その手前のスペースで、10人くらいのおじさんおばさん集団がゴザをひいて、焼酎を飲んで騒いでいる。
日本の花見のようなものだ。よく山で見かけるけれど、冬で雪もあるのに、それもこんな崖の上でよくやるよ。
ゆっくりと降りていき、食堂街でキムチチゲを食べてから、バスに乗り、鎮安、そして全州へと戻る。
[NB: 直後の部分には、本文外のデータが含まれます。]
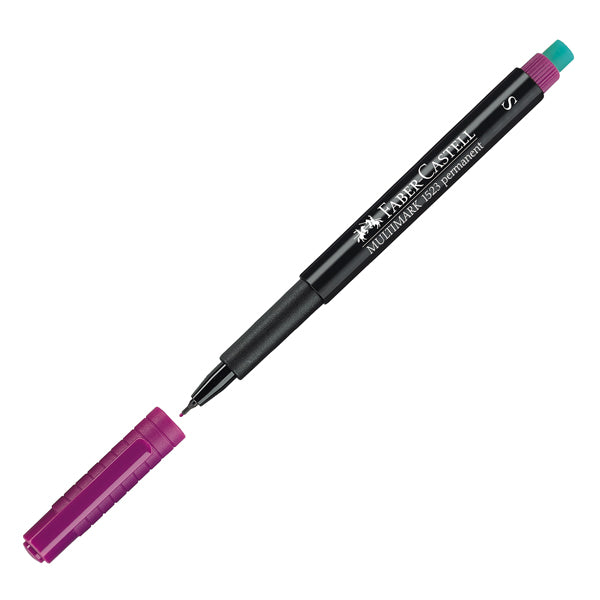 Pennarello Multimark universale permanente con gomma - punta superfine 0,4mm - astuccio 8 colori - Faber-Castell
このままソウルまで行ってもいいけど、ソウルに行ったところで何をすることもなし。
だったらまだ一度しかまともに見たことがない全州で寄り道しようか。
今日はここで泊まって明日ソウル入りしよう。
帰国便は夜だし。
ということで全州バスターミナルからタクシーに乗り、全州の中心部へと行く。
3泊4日あると結構行きたいところに行けるね。ソウル・釜山(プサン)以外で中2日で遠出が出来る。
3連休に1日休みをとれば、こうやって来られるんだ。
しかしどこかのついでに行けるような目的地はなくなってきたなあ。
今回行った海印寺、塔寺はあえてここに行こうとしなければ、行くことは出来ない場所なんだよな。
8時くらいになって、空が明るくなり始める。
今日も晴れだ。
宿を出て、左右を見たら郵便局を見つけた。
エアメール用の切手がほしかったので、すぐに見つかってよかった。
エアメールを出し、バスターミナルへ向う。
ソウルまでの優等バスW16000。10分間隔くらいで出ている。
席は大体埋まっている。
ソウルまで3時間弱。途中サービスエリアでの一時休憩あり。
車中ほとんど寝ていた。心地よい眠りであった。
フライトまでの数時間、ソウルでどうするかは特に決めていなかった。
リュックはそれなりに重いので、とりあえずロッカーに預け、ソウルに何度も来ていながら、
行ったことがない場所の一つ、曹渓寺(チョゲサ)に行ってみることにした。
鐘閣(チョンガ)駅から歩いて数分。
ビルの合間にお寺が現れる。カラフルな提灯が目立つ。
大雄殿から聞こえてくるお経の声は、外にまではっきりと聞き取れるほど。
白人金髪のいかにも外国人の姿もちらほらと。
欧米の人にとってはこういう寺は珍しく思うのだろうな。
続いて、徳寿宮(トクスグン)まで歩いてみたが、月曜日で閉まっていた。残念。
市庁前には特設のスケートリンクがあった。
夜見たらイルミネーションがきれいな感じである。
しばらく眺めていたが、寒くなってきた。
ロッテ百貨店の食料品売り場を見回し、そろそろ空港に行く時間。
あー、帰国するのか。
最終日特有のさみしい気持ちになる。
金浦空港までは地下鉄で近い。
機内食は出そうなので、ロッテリアで軽めの食事をとり、出国ゲートへ。
次回はいよいよ訪韓20回記念だ。